Namun, walaupun demikian, Indonesia Juga memiliki beberapa kelebihan dibandingkan negara pesaing. Jika ditata dengan baik, maka tidak mustahil Indonesia memiliki peluang yang jauh lebih besar dalam meningkatkan prospek pasar kelapa sawit di masa mendatang, bahkan meninggalkan jauh Malaysia sebagai pesaing utama.
Jembatan Timbang Kelapa Sawit
Pertama, Indonesia memiliki cadangan lahan yang relatif masih sangat luas untuk digunakan dalam sektor perkebunan kelapa sawit. Lalu biaya produksi kelapa sawit di Indonesia juga relatih lebih murah dibandingkan negara pesaing. Karena itu dengan pengelolaan yang baik, peluang Indonesia menjadi raja kelapa sawit internasional masih terbuka lebar.

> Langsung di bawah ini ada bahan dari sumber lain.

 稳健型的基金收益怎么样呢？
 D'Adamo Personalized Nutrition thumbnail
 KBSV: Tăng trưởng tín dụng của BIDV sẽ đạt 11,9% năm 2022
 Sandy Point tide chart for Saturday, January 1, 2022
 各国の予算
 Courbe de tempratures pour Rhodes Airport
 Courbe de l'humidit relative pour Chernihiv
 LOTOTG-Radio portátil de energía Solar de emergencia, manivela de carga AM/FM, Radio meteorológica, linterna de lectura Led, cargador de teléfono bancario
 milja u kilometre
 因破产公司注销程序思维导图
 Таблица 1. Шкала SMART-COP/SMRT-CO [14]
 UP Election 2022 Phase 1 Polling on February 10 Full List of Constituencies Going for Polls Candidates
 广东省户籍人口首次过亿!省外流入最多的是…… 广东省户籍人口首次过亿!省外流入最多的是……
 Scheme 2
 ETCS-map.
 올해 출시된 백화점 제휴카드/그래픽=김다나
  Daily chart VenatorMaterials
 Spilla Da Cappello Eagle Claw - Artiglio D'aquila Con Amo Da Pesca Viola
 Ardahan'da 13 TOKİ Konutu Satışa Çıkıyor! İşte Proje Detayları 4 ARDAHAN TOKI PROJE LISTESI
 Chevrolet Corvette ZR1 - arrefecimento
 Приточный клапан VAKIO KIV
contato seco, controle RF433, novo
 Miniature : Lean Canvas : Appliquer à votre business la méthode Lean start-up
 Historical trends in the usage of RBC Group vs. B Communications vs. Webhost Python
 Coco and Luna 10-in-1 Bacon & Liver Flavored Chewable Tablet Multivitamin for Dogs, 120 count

Area perkebunan kelapa sawit Indonesia berada di lima provinsi, yaitu Sumatera Utara, Sumatera Selatan, Aceh, Kalimantan Barat, dan Jambi. Area perkebunan di beberapa provinsi tersebut juga terbagi dalam 3 macam kategori kepemilikan, yaitu perkebunan negara, perkebunan swasta, dan perkebunan rakyat. Pada umumnya perkebunan rakyat memiliki tingkat produktivitas terendah dibandingkan perkebunan swasta dan perkebunan negara. Hal ini biasanya dikarenakan proses produksinya masih belum secara menyeluruh dilakukan dengan cara profesional. Salah satunya minimnya penggunaan timbangan digital yang akurat sebagai acuan dalam penghitungan komersial. Padahal keberadaan jembatan timbang sangat diperlukan untuk mendukung kinerja perusahaan bidang agrobisnis seperti kelapa sawit.